Life is a Flower
Rhea: I'm very excited about the unfolding of what's going to happen. It feels exciting and I want to know, and there's a part of me that's like, tell me now. I just want to know everything now. And then there's this other part of me that's like, well, actually discovering along the way could be quite nice, but I'm not very good at the discovering along the way. I want to know everything all the time. I don't know if it's my relationship to time or if it's just my impatience, or if it's just my incessant need to know everything that drives it. But then I know what that's like, because ... sorry, I'm just kind of babbling, but...
Liz: No, it's okay. I really think it's all of the above, which you mentioned. It's like, tell me the ending of the movie just as I'm sitting down to watch it so I know I can get comfortable and I don't have the anxiety of having to go along with all the twists and turns.
Rhea: Yes. But at the same time being me and having a work wife who's effectively a psychic, I could technically have that. But actually, the information that I get, it's not like I trust it. It's not like you're telling me this is going to happen and I'm like, okay, it'll happen. And sometimes it doesn't.
Liz: No. And sometimes you would get it and it's accurate and you still hate it.
Rhea: Yeah.
Liz: It makes you angry and all I did was just give you anxiety and then make you resent me a little bit.
Rhea: Exactly. So it doesn't work anyway.
Liz: No.
Rhea: And even actually yesterday, the conversation we were having where I remember asking you or you actually just offering me information at the time. I can't remember.
Liz: What? No, you asked.
Rhea: I probably asked.
Liz: You asked.
Rhea: I remember you telling me that June and July were going to be really sweet months of 2020.
Liz: Yes.
Rhea: And they were ... one might call it the horror show of horror shows of 2020 was my June and July, emotionally
Liz: Just going to argue that. That's somewhat dramatic, but okay.
Rhea: Yeah. I am somewhat dramatic.
Liz: But I honor your feelings, Rhea, so yes, run with that.

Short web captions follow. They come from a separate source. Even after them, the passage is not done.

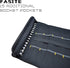 FASITE Tool Roll Organizer - 35 Pockets Roll Up Bag Wrench/Pliers Pouch for Craftwork Handyman Electrician Plumber Mechanic, Black...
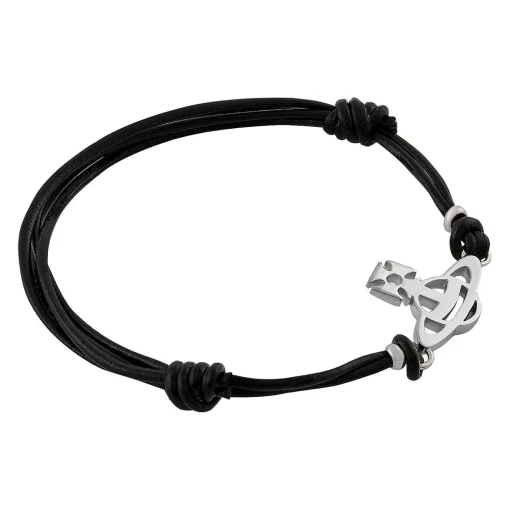 Vivienne Westwood Silver Leather Bracelet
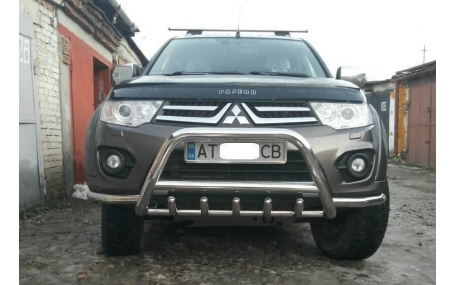 Защита передняя Mitsubishi Pajero Sport
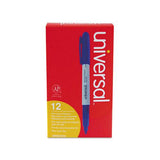 Pen-style Permanent Marker, Fine Bullet Tip, Blue, Dozen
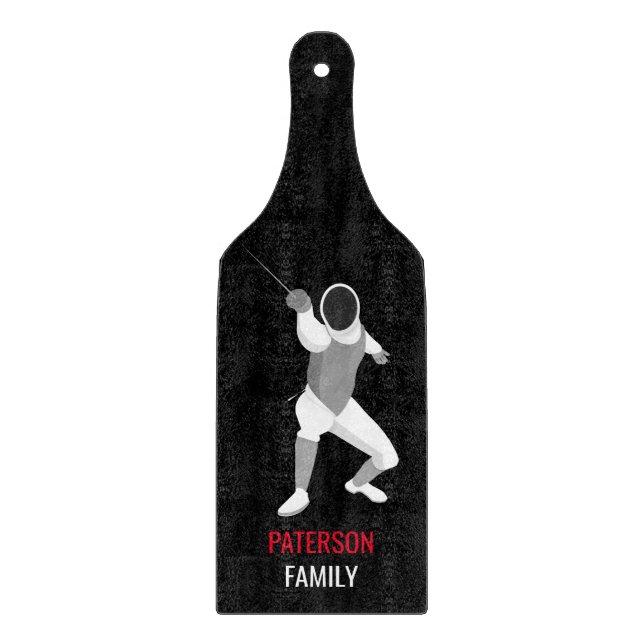 Fencing Cutting Board (Front)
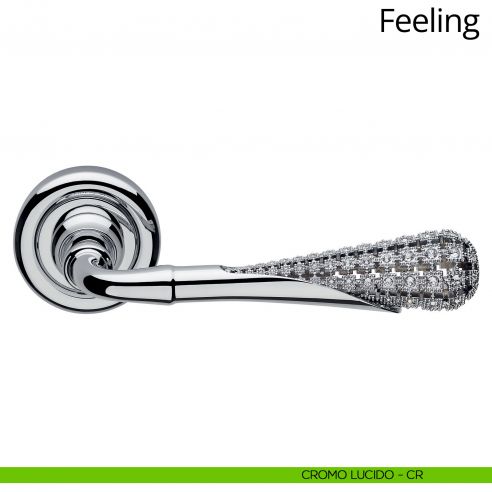 Maniglia Swarovski per porta Feeling Linea Calì cromo lucido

Rhea: Thanks. I am somewhat dramatic, but yeah. And so when obviously it happened and it was very painful, very hard. Listen, nowhere near as hard as before I started this journey.
Liz: Exactly.
Rhea: But definitely what was very difficult for me was knowing there could be so much more, but feeling like I felt before I even started finding myself. It was a very strange thing where I almost went back in time and revisited who I was, but remembering who I had become.

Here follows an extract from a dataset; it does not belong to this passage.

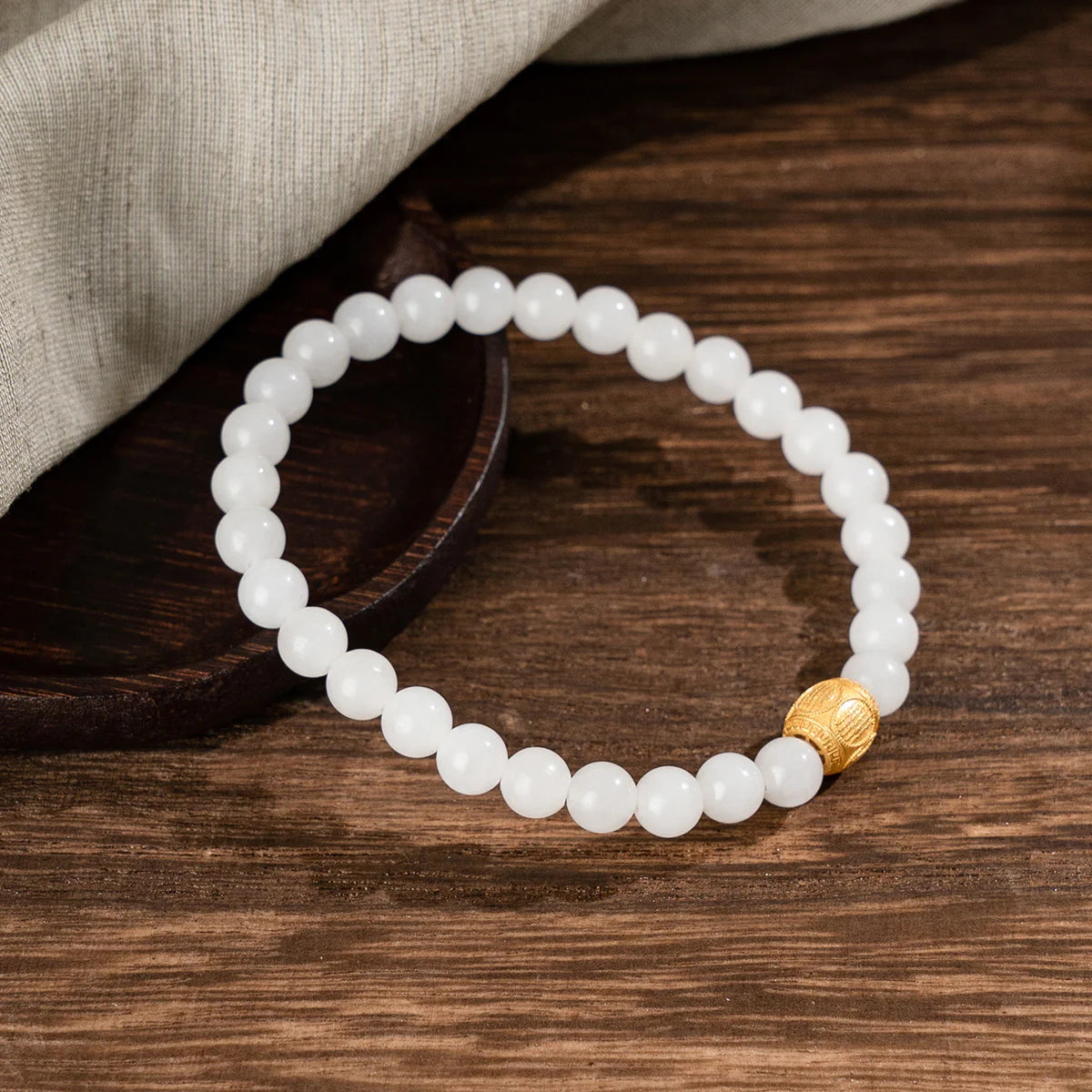 白色玉咒珠手鍊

Liz: Very much like Dickens' A Christmas Carol or all the other versions of the ghosts of Christmas past, present, future, where especially over the summer 2020, we were given that gift, if you will - the not so sweet gift, the bittersweet gift as you might describe it - of being able to look at the past, holding it, almost experiencing it as if we were reliving it, but not quite, but feeling all the feels that went along with that experience. Yet also knowing that, wait, this is all kind of different, and it creates such a dissonance that it's a disturbance.
Rhea: Me having to have to go through that again made me ... and it wasn't because there was some kind of horrific breakup or a horrific night.
Liz: There was really no major trigger, right?
Rhea: Nothing had changed and I think that's really important to say. All the people that I started 2020 with, I finished 2020 with. It was a purely perception thing, and I think that was the other lesson that came out very clearly from it. One, is that in a way it was a gift that didn't feel like a gift.
Liz: It wasn't sweet.
Rhea: And it was not sweet and it was horrific, but it allowed me to be me then, if that makes sense.
Liz: Yes. Very much.
Rhea: Like go back in time, sit in my body then and do what needed to happen. And the second thing it taught me was that fucking hell! Perspective changes everything!
Liz: Everything!
Rhea: Wow! Because I wasn't in a place to see it any other way, it really reinforced the work for me because perspective does change everything, and the only thing that changes perspective is us. Our life experience really does begin and end with us.
Liz: Yeah. What you were going through was also a hint to me that there was something there to be learned. You weren't going to go through that just for the hell of it. Nobody chooses that stuff just for the hell of it. And let me tell you, and the reason for this episode and why we're talking about time is that it's not finished yet.
Rhea: Let's kind of recap a little bit. In Season 2, we talked about time. We all have a strange relationship with time.
Liz: Some more than others, Rhea.
Rhea: Some more than others, but you know, time in 3D was very much the ticking clock.
Liz: Very much.
Rhea: We're running out of time.
Liz: We live on time. We have alarm clocks set. We have to be somewhere by a specific time. School starts at a certain hour. Work starts at a certain hour. Everything's scheduled
Rhea: At certain times of your life, you have to be in certain places. There's a time in your life to go to university. There's a time in your life to get married. There's a time in your life to do your job. There's a time in your life to do all these different things.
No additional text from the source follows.